Como siempre le ruego que tenga a bien dar un cariñoso beso a mi madre.
Sin otro particular se despide, suyo afectuoso

Capitán Daniels, a bordo de la HMS Circe, en el Báltico.

viernes

El concierto

Frente al puerto de Rogerswick, el 10 de octubre de 1808. A bordo de la HMS Circe.

Para vencer el tedio del bloqueo a la flota rusa, el capitán William Lukin, del Mars, no tuvo mejor ocurrencia que la de organizar un concierto donde participarían todos aquellos, en la flota, capaces de tocar los instrumentos correspondientes a la pieza musical elegida por sir James Saumarez, en su honor.
Nuestro vicealmirante vio con buenos ojos la iniciativa, y optó por una de Mozart, concretamente el tercer movimiento de la sublime 'Gran Partita'.

Ahí fue cuando comenzaron mis problemas.
Después de varios días de búsqueda de los músicos apropiados, mi teniente Jack Byron, que es incapaz de mantener el pico cerrado por mucho que le haya prevenido al respecto, comentó al primer oficial del Orion que yo tengo, en mi cabina, un fagot.
Precisamente el único instrumento que faltaba para formar la orquesta que tocaría en la gran cabina del Victory.

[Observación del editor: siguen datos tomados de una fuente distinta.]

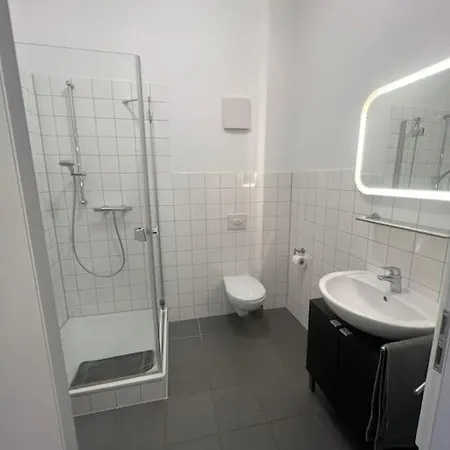 Cooles City-appartment - Balkon * Bayreuth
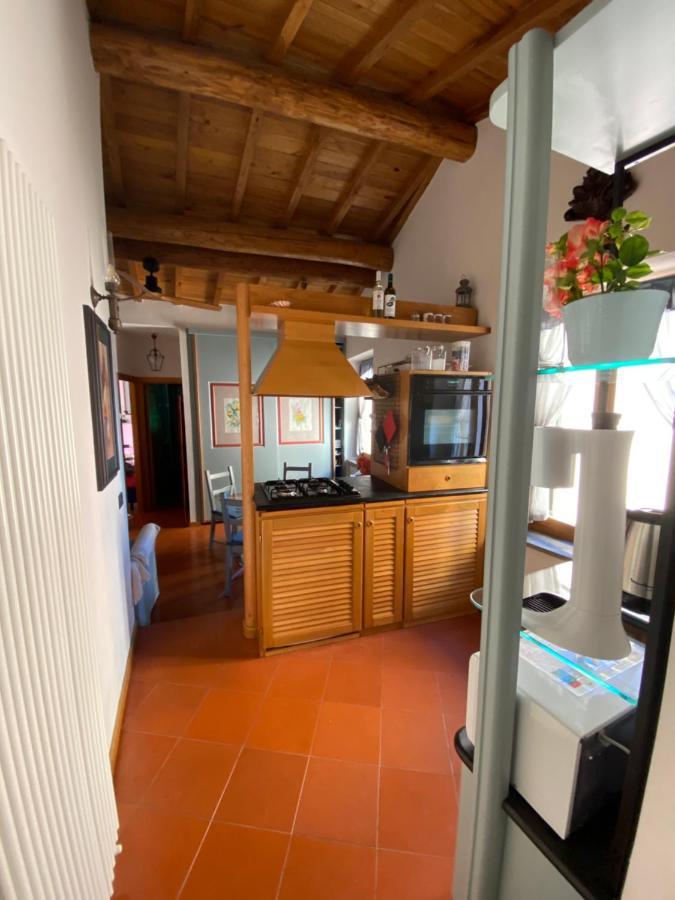 Appartamento Chic Riomaggiore 5 Terre Екстер'єр фото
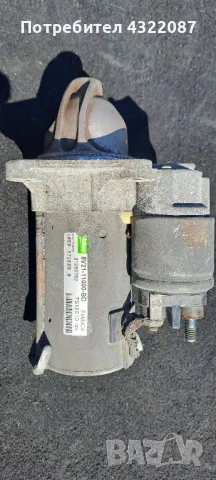 Стартер FORD FIESTA Форд Фиеста 1.2 60 к.с 2009-2013Г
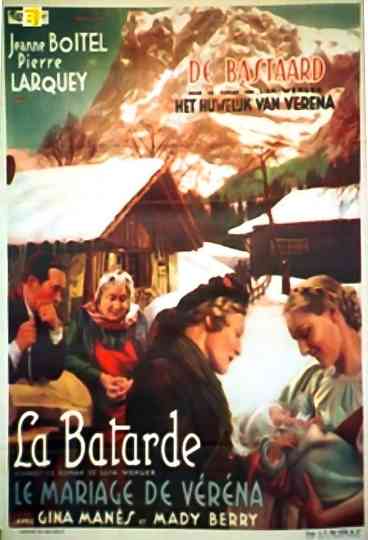 Le mariage de Véréna Poster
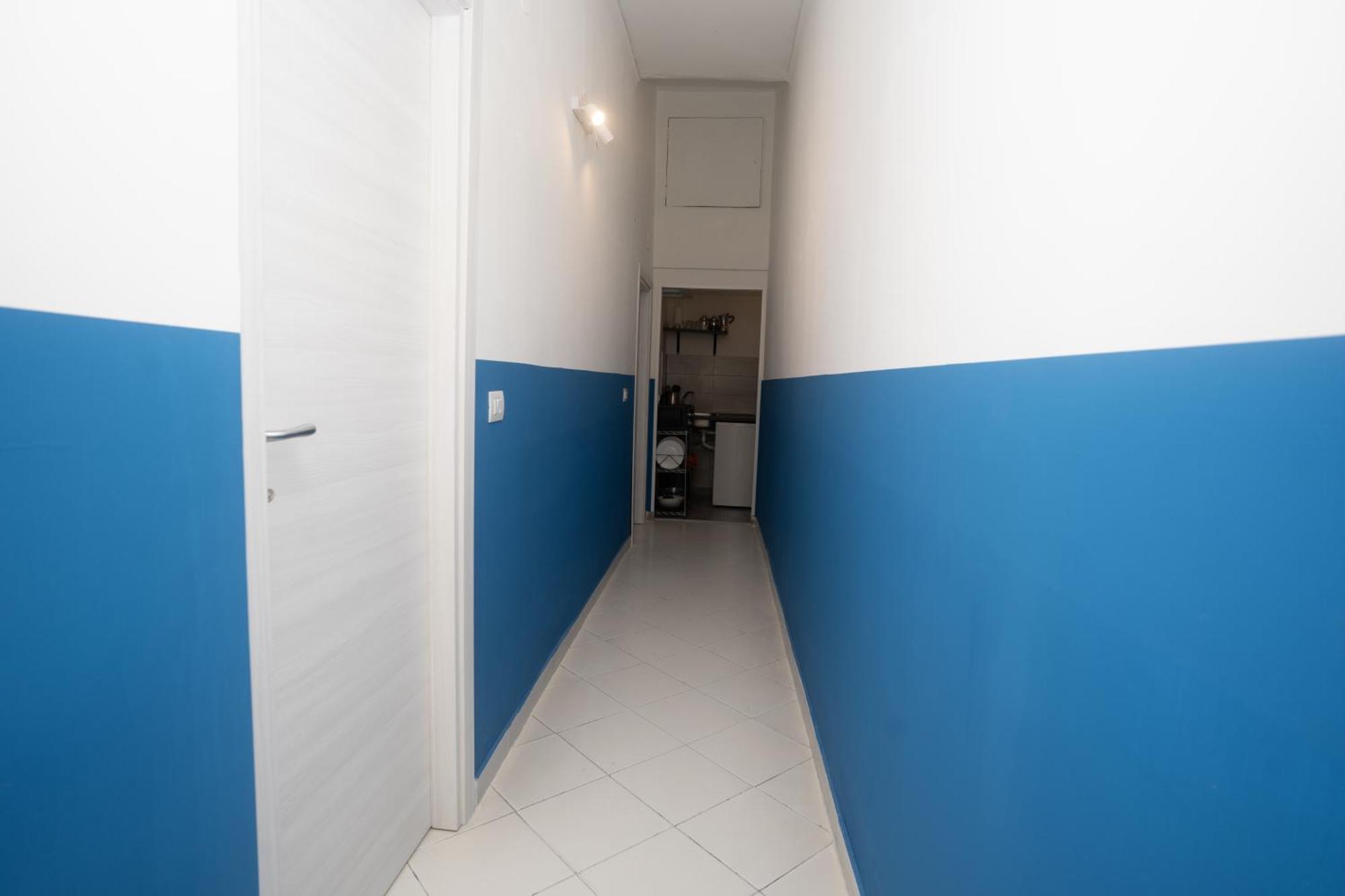 Flyresidence Garibaldi Napoli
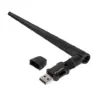 Lanberg Network адаптер wireless WiFi NC-900-WIE USB 2.0 DUAL BAND AX900 1 external antenna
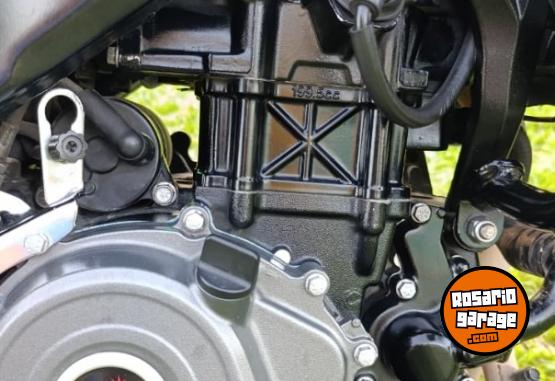 Motos - Bajaj Rouser NS 200 2018 Nafta 61400Km - En Venta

Mi experiencia con este instrumento se resumen a no más de una decena de clases con mi profesor de música, el señor Volkan, y alguna que otra práctica en alta mar cuando mi tiempo me lo permite.
Por tanto, soy plenamente consciente de que mi talento deja mucho que desear, e incluso llamarlo así, 'talento', es algo demasiado aventurado.

El caso es que, cuando corrí a buscarlo, casi me desmayo al preguntar a Vincenzo por él y recibir como respuesta que se "estaba secando".
Tras mantener la compostura mejor que en el alcázar cuando las balas vuelan sobre mi cabeza, le insté a mi sirviente a que me lo trajera de inmediato. Un minuto después ya lo tenía en mis manos.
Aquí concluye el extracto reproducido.